News
The article is more than 6 years old

Students, jobseekers most at risk of poverty in Finland

Of those looking for work for at least half of a calendar year, 39 percent were seen as at risk of poverty.

Remontti Hoasin opiskelija-asunnoissa Kivikossa.
Units owned by the Foundation for Student Housing in the Helsinki Region (HOAS). Image: Kari Ahotupa / Yle
  • Yle News

Nearly four out of 10 long-term jobseekers and a third of students are at risk of poverty in Finland, suggests a study released on Friday.

The data published by Statistics Finland dates back to 2017. The agency says that about 39 percent of people who were jobless for at least half the year were households considered to be "at risk of poverty". The same was true for some 31 percent of adult students.

The central statistics office's long-term data from the past three decades shows a growing gap between various population groups in the rate of poverty risk, especially since the severe recession of the 1990s.
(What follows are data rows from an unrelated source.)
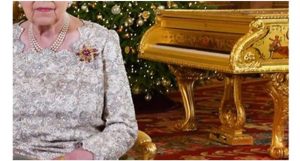 Queen Elizabeth gold piano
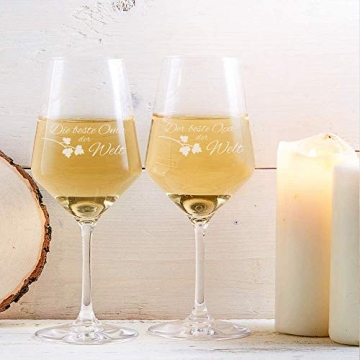 AMAVEL Weißweingläser, 2er Set Weingläser mit Gravur für Oma und Opa, Motiv 3, gravierte Weingläser aus Klarglas - 6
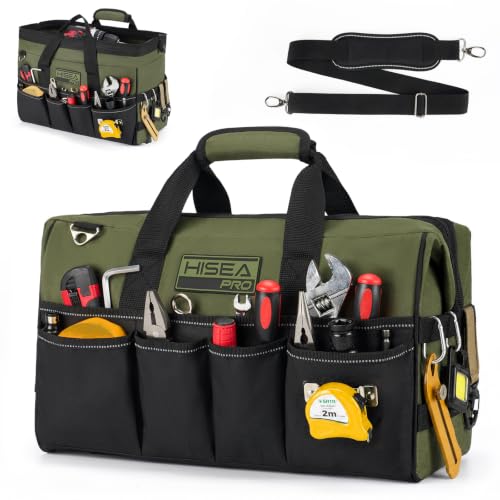 HISEA Heavy Duty Tool Bag 20 Pockets, 16-Inch Portable Tool Box Organizer Green 16inch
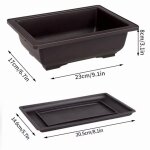 Pots de fleurs rectangulaires imitation argile violette bonsa pots jardin paysage plantes succulentes ...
It says that wage-earners are now "very rarely at risk of poverty".

Students living solo most at risk

About half of students lived in households with wage-earners, typically parents or spouses, and these were at lower risk of poverty. Overall, about one fifth lived alone and an equal number with a spouse or partner. However half of low-income students lived alone.

Among those aged 18-24, nearly 28 percent lived in low-income households. Two thirds of low-income young adults were students, while 87 percent had moved away from their family homes.

Overall in this age group, roughly 40 percent still lived with parents or guardians, with 60 percent basically responsible for their own finances. Those living independently were five times as likely to be low-income than those still residing at home.

Ex-farmers most at risk of retirement poverty

The risk of poverty among the nation's nearly 1.4 million pensioners also varies. Almost half are former salaried employees, who are rarely at risk of poverty.

Among former lower-level employees, more than eight percent are at risk of poverty. The highest risk of poverty, around 38 percent, is among retired farmers.

As Statistics Finland defines it, a household is at risk of poverty if its disposable monetary income per ‘consumption unit’ – i.e. resident – averages less than 60 percent of the national median income.

In 2017, the at-risk-of-poverty threshold for a one-person household was 14,750 euros per year, or 1,230 euros per month after taxes.

Since the turn of the millennium, less than one fifth of those in risk households were in the highest-risk group, having income under 40 percent of the median.

In 2017, that 'poverty line' for individual disposable monetary income was 9,830 euros a year or 820 euros a month per month.